Synopses & Reviews
It is a challenge few top kayakers could resist. The Tsangpo remains one of the world's few uncharted, unconquered whitewater rivers, epic in both scale and beauty. Plunging 10,000 vertical feet, its waters run beneath snowcapped Himalayan peaks, past verdant jungle, and through the treacherous Tsangpo Gorge. Ancient Buddhist monastic textx name the region Pemako and suggest a real-life Shangri-La within its unexplored depths, along with mist-shrouded waterfalls and other wonders witnessed by few, if any, human eyes.
In October 1998, a team of four expert kayakers, partially funded by the National Geographic Society, attempted the first end-to-end descent of the gorge. The expedition ended in tragedy when the team's strongest paddler, Doug Gordon, executing a perilous but not impossible jump, was swept into the river's main current and never seen again.

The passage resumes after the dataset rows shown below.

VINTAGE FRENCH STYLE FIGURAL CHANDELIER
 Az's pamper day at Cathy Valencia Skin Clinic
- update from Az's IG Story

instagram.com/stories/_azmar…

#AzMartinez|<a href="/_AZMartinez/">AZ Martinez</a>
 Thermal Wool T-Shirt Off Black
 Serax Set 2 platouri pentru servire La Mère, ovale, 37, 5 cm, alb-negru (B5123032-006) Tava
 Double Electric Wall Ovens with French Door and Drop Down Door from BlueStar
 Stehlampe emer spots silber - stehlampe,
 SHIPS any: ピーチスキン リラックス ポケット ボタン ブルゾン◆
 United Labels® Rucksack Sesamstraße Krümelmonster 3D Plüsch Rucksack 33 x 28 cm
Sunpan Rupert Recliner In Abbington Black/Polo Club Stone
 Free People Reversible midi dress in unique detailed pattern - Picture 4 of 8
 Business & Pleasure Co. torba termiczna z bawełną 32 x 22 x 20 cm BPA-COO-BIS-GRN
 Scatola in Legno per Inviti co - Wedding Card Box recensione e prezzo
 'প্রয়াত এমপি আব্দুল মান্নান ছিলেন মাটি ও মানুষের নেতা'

The Last River is the story of that ill-fated adventure and a riveting evocationof one of our planet's wildest and most alluring places. In the words of an eighth-century monk, "Even to take one single step toward Pemako is to be liberated from mundane existence."
Synopsis
This true, white-knuckle adventure takes listeners on a hair-raising journey to conquer the Tsangpo Gorge, the Holy Grail of whitewater rafting. This is the real-life story of a world kayak team's quest to run one of the most dangerous whitewater passages in a remote, mystical part of the world. Abridged. 5 CDs.
About the Author
Todd Balf writes for Outside magazine, Men's Journal, and other publications. He lives in Beverly, Massachusetts.